Imaginative, original, and simply delightful. This is a new and wonderful work of art from Philip and Erin Stead, and -- oh yeah! -- Mark Twain. After several pages of an incomplete Mark Twain fairy tale were discovered a few years ago, the publisher approached the Steads to finish it. What Phil and Erin ended up doing is something truly remarkable -- the illustrations are gorgeous, and the story itself borrows notes from Kurt Vonnegut and Charlie Kaufman. It is a book that has meaning, speaks to present day, will become a classic, and moved me.
This book not only teaches us about our own backyards, but how to see them. How to interact with them. How to appreciate them. When Aldo Leopold, one of the pioneers of conservation, takes a walk in the woods, it's an adventure with infinite storylines and observations. A fallen tree is not just some broken wood with growth lines, but a one-hundred year-old diary that Leopold dissects and analyzes. Reading this book taught me to look closer, dig deeper, and view my own backyard with an increased awareness and appreciation. A must read for any Midwesterner who takes walks outside.

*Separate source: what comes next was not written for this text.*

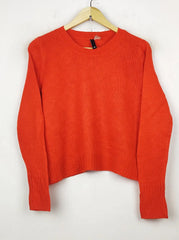 Buy online pre-used pre-loved 100% authentic & Original branded H&M (WT-5746) available in Pakistan. Top international brands avilable.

This is a book for aquaphiles. You know who you are: The kind of person who abandons family and friends at every beach excursion and voyages out alone into the open waters, freestyling for endless minutes and miles. All my life, I have had a love affair with water: Rivers, lakes, oceans, chlorinated indoor pools. As a former NCAA swimmer, I have searched wide and far for books about swimming. There are only a few, and this is the best. And if you’re like me, and you have relatives who often ask, “Where’s Mike?” only to see a small speck in the horizon splashing around in far-distant waters, you’ll enjoy this read.